Глава 21

— Я не понимаю, — сказал Шенк, — как могут существовать два варианта этой книги. Словно она все еще изменяется даже после того, как была закреплена на бумаге. И эти писатели — ты же говорил, что их руководителя посадили в тюрьму. Кого он убил?

Грубер не знал, но Шенку от этого было не легче; подозрение, что Эстрелла солгала, терзало его ничуть не меньше твердо установленного факта. Он перестал воспринимать коллегу как соперника и хотел лишь одного: узнать правду.

— Грубер, мы должны разобраться в этом до конца. Поговорим с Эстреллой, она сейчас наверху, в моей комнате.

— Рыжая? Ну ты ж и прохиндей!

— Тише, а то фрау Луппен прибежит. Если я не ошибаюсь в своих подозрениях, Эстрелла может оказаться очень опасной. Пошли и спросим ее обо всем напрямую.

Грубер воспринял эту идею с живейшим энтузиазмом, вот только осуществить ее не удалось — в Шенковой комнате никого не было. Шенк заглянул под кровать и даже (к вящему веселью Грубера) в крошечный буфетик, однако факт оставался фактом: Эстрелла сумела ускользнуть.

— Мы должны ее найти!

Шенк накинул пальто и бросился по лестнице вниз.
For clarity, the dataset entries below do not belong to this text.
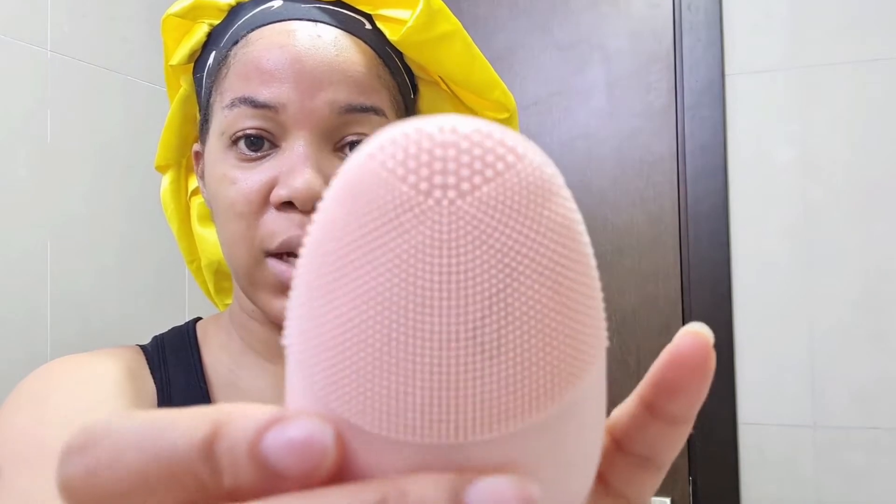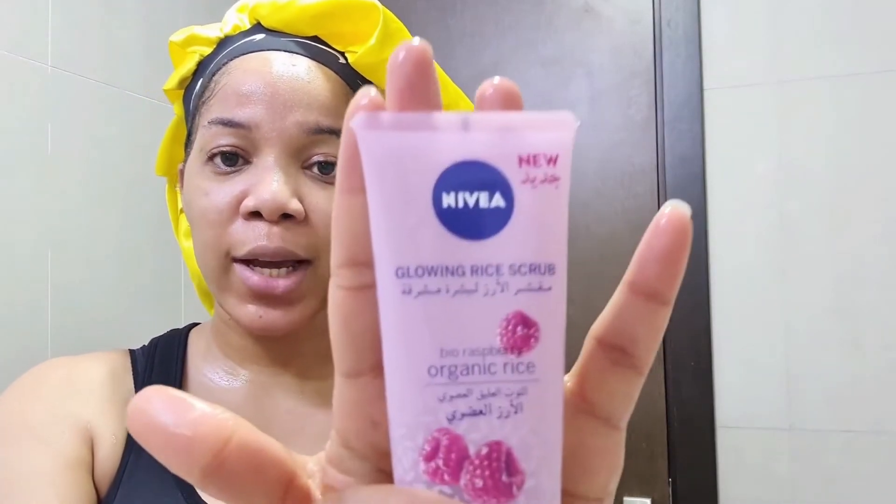There's a lot of product on there, so I'm going to wash it out. Once I'm done washing out the face wash, I'm going in with my Nivea Organic Glowing Scrub. It's gentle enough for everyday use, so I take a little amount — this time I'm not using the brush, I'm going to use my hands and give my face a scrub.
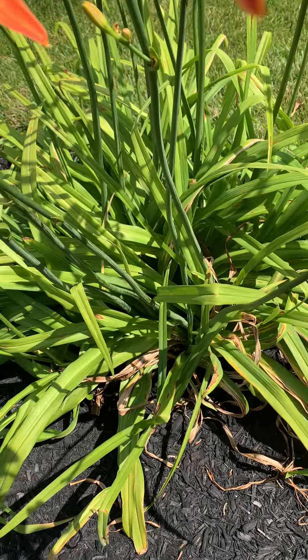To learn more about growing tiger lilies, please visit us at itsgardeningtime.com. If you like day lilies, please click like and follow us on our gardening journey. We are on our way to 3,000 subscribers.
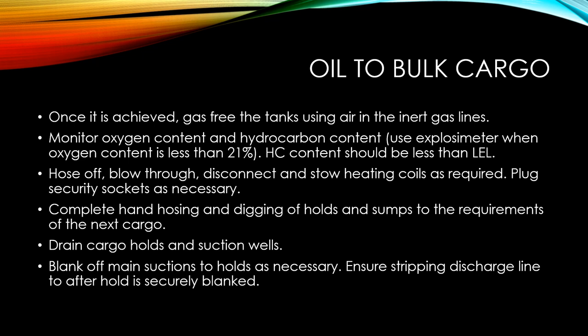Make sure you also monitor the oxygen content as well as the hydrocarbon content. Use an explosive meter and make sure that the oxygen content is more than 21% and the hydrocarbon content is less than the lower explosive limit. You can use the explosive meter or the oxygen meter to check the atmosphere.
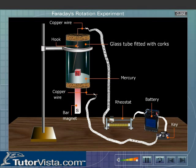We observe that the copper wire suspended from the hook revolves around the North Pole. Now switch off the current — the copper wire stops revolving around the North Pole.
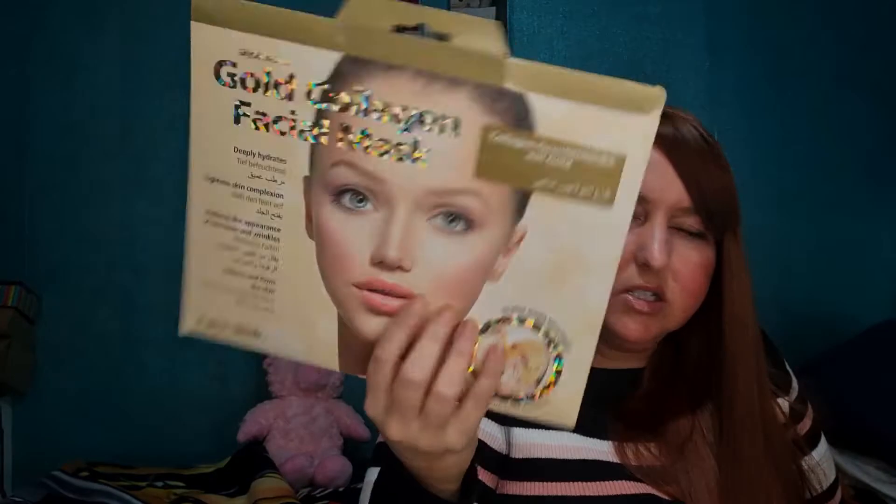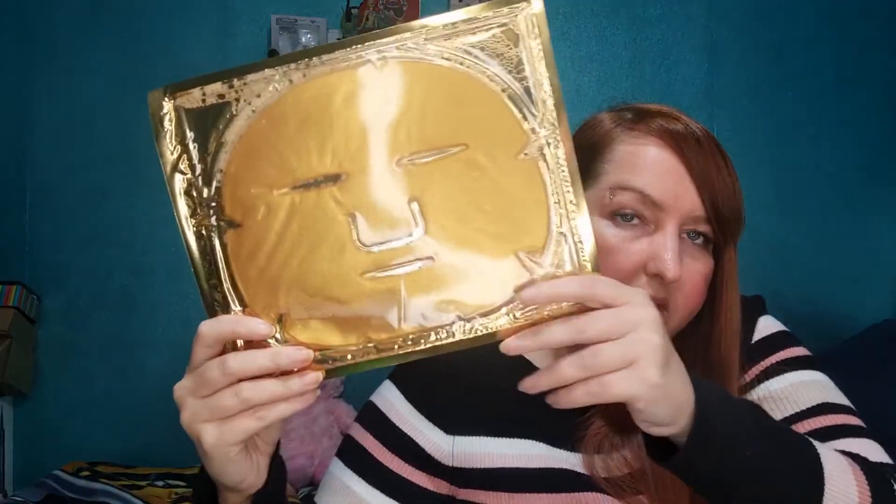If you see a similar mask in TK Maxx or anywhere else — that one was £3.99 for three masks — it really wasn't worth it. It looks exactly the same as this but it's not going to stick to your face.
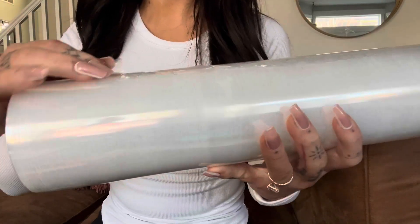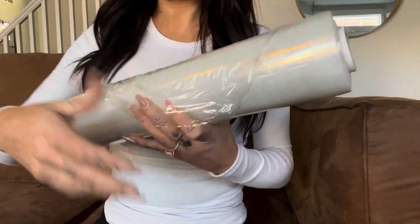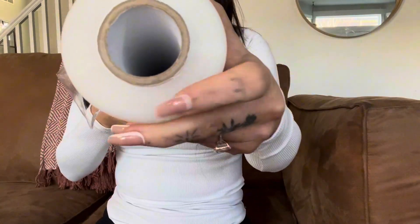Hey everyone, let's look at this Ticcon stretch wrap. This is a thousand feet, so you get a ton, and it is 15 inches wide. As you can see, there's so much product on this roll.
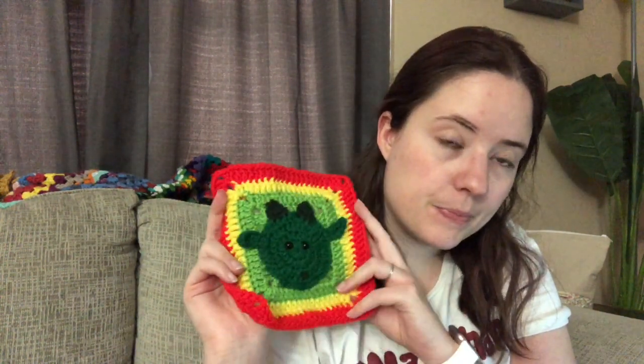That's my B movie square. I already got my C movie picked out but I haven't watched it yet, so I'll be making that square sometime this week since the next video comes out next Wednesday.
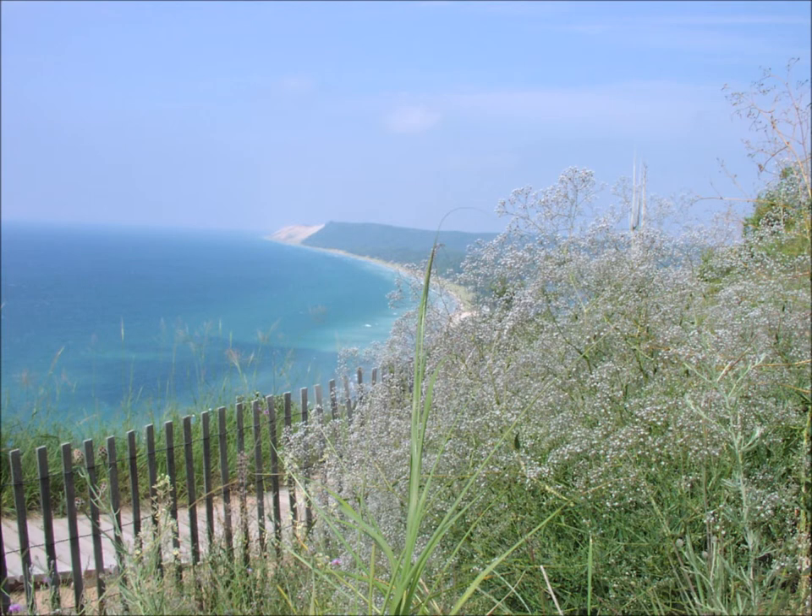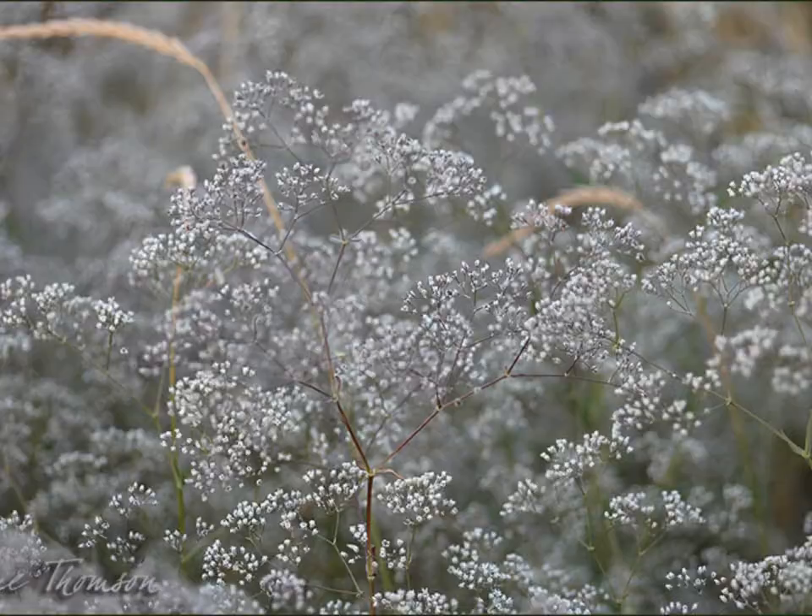This is an invasive plant species called baby's breath. It is a perennial plant, which means that it grows back each year. This plant is a problem because it has deep roots that choke out the dune grass.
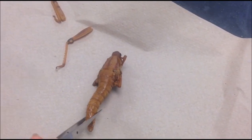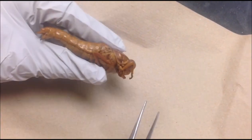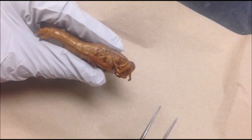Looking at the tail end of a grasshopper, you can assess whether it is a male or a female. If an ovipositor is present, as is in our grasshopper, then you will know that it is a female. The ovipositor is where grasshoppers lay their eggs through.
— Может, попрощаемся с твоей хозяйкой? — спросил едва поспевавший за ним Грубер.

— Не надо, лучше уйдем потихоньку. Ты, главное, не шуми.

На улице было темно и холодно. И, естественно, никаких следов Эстреллы. Шенк вспомнил, как она стояла на углу, провожая его глазами до двери, и предложил направиться в эту сторону, однако в конце улицы снова возник тот же самый вопрос — направо или налево? По недолгом размышлении они решительно зашагали куда глаза глядят.

— Я тут видел одного из писавших за Спонтини, некоего Вайсблатта. Он заходил ко мне сегодня, на работе.

— Господи! — поразился Грубер. — Так вот, значит, кто это такой! Я ведь тоже его видел, с неделю назад. Он пришел к нам в Картографический и захотел посмотреть какие-то там карты. Причем оказалось, что допуска у него нет. Зря я, конечно, об этом болтаю, но он дал мне за возможность покопаться в нашем фонде целый кошелек золотых крон.

— А что он там смотрел?

— Не имею ни малейшего. Я вообще ушел оттуда, чтобы если он попадется, меня бы это вроде и не касалось. А сегодня, когда он пришел к тебе, у меня возникло подозрение, что у вас с ним какой-то заговор.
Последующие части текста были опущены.